THE PROBLEM ▸
Lines to return, exactly: from the line with "サンゴ礁の背景、水中海洋生物生態系海海" to the line with "Envío Aéreo DDP" in the entries below, both included.
--- AVAILABLE DATA Enclosed Below ---
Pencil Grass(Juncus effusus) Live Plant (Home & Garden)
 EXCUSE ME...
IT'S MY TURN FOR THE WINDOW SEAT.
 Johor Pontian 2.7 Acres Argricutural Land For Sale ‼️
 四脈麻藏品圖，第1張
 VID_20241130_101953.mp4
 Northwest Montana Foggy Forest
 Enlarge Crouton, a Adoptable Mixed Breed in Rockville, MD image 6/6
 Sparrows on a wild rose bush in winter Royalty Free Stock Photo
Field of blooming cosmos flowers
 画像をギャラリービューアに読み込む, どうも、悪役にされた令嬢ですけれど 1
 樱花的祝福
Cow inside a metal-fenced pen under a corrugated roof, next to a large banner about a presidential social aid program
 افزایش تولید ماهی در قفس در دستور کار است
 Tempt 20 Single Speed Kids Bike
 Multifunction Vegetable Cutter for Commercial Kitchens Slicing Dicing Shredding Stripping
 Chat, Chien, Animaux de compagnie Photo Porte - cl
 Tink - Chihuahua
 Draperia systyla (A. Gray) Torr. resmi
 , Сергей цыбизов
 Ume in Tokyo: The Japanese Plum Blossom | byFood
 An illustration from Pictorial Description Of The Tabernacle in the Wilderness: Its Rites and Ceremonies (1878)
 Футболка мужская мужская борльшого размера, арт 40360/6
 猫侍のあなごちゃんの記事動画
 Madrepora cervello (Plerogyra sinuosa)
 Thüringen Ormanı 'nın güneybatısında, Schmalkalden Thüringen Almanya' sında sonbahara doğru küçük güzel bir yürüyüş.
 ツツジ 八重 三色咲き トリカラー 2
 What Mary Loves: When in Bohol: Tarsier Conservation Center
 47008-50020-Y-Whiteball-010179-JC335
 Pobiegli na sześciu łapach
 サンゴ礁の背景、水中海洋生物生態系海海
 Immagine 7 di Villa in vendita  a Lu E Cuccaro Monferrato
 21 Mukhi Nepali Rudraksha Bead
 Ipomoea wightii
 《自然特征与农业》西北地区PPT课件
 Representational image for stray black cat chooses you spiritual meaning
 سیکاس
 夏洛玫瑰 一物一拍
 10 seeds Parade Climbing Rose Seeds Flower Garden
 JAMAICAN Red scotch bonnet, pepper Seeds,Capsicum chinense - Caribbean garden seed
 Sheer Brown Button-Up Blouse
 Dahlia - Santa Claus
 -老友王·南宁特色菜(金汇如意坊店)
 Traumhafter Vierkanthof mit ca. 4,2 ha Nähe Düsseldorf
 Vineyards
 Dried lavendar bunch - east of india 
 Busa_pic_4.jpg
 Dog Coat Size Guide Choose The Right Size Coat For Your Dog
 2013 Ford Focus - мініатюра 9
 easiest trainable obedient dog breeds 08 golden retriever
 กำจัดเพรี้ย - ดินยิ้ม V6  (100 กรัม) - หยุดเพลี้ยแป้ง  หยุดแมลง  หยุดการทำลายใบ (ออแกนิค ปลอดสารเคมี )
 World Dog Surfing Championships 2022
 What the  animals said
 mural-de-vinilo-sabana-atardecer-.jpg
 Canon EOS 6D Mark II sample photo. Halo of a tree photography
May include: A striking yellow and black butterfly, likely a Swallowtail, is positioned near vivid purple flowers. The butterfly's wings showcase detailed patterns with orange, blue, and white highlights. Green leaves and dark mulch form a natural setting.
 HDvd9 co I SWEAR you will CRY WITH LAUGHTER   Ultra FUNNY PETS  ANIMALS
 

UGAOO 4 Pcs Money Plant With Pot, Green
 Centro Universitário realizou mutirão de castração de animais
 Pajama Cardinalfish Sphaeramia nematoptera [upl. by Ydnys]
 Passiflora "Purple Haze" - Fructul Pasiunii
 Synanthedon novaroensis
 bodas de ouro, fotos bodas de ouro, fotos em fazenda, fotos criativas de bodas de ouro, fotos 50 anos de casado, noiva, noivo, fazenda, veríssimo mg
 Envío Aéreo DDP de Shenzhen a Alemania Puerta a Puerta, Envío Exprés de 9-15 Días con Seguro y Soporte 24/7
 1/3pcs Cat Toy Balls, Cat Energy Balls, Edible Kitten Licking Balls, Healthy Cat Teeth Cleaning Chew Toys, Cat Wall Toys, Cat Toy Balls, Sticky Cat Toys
--- End of Enclosed AVAILABLE DATA ---
RESULT OF THIS EXERCISE ▸
 サンゴ礁の背景、水中海洋生物生態系海海
 Immagine 7 di Villa in vendita  a Lu E Cuccaro Monferrato
 21 Mukhi Nepali Rudraksha Bead
 Ipomoea wightii
 《自然特征与农业》西北地区PPT课件
 Representational image for stray black cat chooses you spiritual meaning
 سیکاس
 夏洛玫瑰 一物一拍
 10 seeds Parade Climbing Rose Seeds Flower Garden
 JAMAICAN Red scotch bonnet, pepper Seeds,Capsicum chinense - Caribbean garden seed
 Sheer Brown Button-Up Blouse
 Dahlia - Santa Claus
 -老友王·南宁特色菜(金汇如意坊店)
 Traumhafter Vierkanthof mit ca. 4,2 ha Nähe Düsseldorf
 Vineyards
 Dried lavendar bunch - east of india 
 Busa_pic_4.jpg
 Dog Coat Size Guide Choose The Right Size Coat For Your Dog
 2013 Ford Focus - мініатюра 9
 easiest trainable obedient dog breeds 08 golden retriever
 กำจัดเพรี้ย - ดินยิ้ม V6  (100 กรัม) - หยุดเพลี้ยแป้ง  หยุดแมลง  หยุดการทำลายใบ (ออแกนิค ปลอดสารเคมี )
 World Dog Surfing Championships 2022
 What the  animals said
 mural-de-vinilo-sabana-atardecer-.jpg
 Canon EOS 6D Mark II sample photo. Halo of a tree photography
May include: A striking yellow and black butterfly, likely a Swallowtail, is positioned near vivid purple flowers. The butterfly's wings showcase detailed patterns with orange, blue, and white highlights. Green leaves and dark mulch form a natural setting.
 HDvd9 co I SWEAR you will CRY WITH LAUGHTER   Ultra FUNNY PETS  ANIMALS
 

UGAOO 4 Pcs Money Plant With Pot, Green
 Centro Universitário realizou mutirão de castração de animais
 Pajama Cardinalfish Sphaeramia nematoptera [upl. by Ydnys]
 Passiflora "Purple Haze" - Fructul Pasiunii
 Synanthedon novaroensis
 bodas de ouro, fotos bodas de ouro, fotos em fazenda, fotos criativas de bodas de ouro, fotos 50 anos de casado, noiva, noivo, fazenda, veríssimo mg
 Envío Aéreo DDP de Shenzhen a Alemania Puerta a Puerta, Envío Exprés de 9-15 Días con Seguro y Soporte 24/7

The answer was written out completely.